# The fate of a bar magnet released in an infinitely long copper tube

A bar magnet is released under gravity inside a long copper tube along the axis of the tube.

The answer is given (edit :) it moves with constant velocity. But I don't understand how.

My research :

The bar magnet is falling with an acceleration of $g$. So its speed increases. Thus the flux change also increases with time. And thus ultimately, the induced emf also changes as induced emf is directly proportional to the change of magnetic flux through the loop (the copper tube consists of infinite copper loops).

Now according to Lenz's Law, the induced emf produces a magnetic flux as to oppose the change in the magnetic flux through the loop.

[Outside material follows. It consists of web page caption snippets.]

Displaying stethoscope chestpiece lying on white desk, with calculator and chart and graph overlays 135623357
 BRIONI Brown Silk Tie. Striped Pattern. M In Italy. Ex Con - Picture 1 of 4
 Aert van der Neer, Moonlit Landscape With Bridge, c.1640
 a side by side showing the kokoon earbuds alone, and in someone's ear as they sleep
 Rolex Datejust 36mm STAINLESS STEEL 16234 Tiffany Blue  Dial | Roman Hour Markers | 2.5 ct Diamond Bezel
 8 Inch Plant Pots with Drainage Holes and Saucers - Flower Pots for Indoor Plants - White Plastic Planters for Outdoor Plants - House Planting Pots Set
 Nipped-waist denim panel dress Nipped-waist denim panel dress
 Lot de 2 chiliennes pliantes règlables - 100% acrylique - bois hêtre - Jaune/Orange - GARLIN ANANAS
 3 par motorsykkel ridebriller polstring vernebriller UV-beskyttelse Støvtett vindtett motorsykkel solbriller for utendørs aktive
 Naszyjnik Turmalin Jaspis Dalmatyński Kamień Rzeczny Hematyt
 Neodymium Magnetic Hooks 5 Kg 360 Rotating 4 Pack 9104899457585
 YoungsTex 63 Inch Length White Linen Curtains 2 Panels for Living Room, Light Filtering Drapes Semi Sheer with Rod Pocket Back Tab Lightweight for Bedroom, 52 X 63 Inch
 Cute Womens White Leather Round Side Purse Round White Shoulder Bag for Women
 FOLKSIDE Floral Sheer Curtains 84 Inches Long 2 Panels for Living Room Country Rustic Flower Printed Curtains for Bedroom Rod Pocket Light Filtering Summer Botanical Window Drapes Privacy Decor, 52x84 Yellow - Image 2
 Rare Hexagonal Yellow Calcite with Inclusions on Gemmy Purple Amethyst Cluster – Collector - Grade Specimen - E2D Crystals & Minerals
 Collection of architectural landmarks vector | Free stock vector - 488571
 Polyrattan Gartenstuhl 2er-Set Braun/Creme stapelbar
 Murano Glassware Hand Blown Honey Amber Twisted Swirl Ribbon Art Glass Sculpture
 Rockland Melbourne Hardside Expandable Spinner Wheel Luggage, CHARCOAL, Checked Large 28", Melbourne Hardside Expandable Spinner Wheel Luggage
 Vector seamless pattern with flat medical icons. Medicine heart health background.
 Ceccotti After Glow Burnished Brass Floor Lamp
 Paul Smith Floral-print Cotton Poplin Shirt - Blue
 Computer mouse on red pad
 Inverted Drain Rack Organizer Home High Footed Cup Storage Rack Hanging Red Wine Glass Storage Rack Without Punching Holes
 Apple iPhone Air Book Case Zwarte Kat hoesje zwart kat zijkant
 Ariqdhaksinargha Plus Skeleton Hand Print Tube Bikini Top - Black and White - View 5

Consider, the magnet to fall vertically downward, thus a magnetic flux is induced vertically upwards. Thus a vertical force is applied to the magnet in the upwards direction.

What I do not understand is that won't the 'induced' force oppose the acceleration due to gravity. And if it opposes, the velocity of the magnet becomes less, thus the emf and ultimately the induced force becomes less. And the gravitational force dominates again. Will the motion be oscillatory, or will it stop? If it will stop, can you provide an elaborated reason? Thank You!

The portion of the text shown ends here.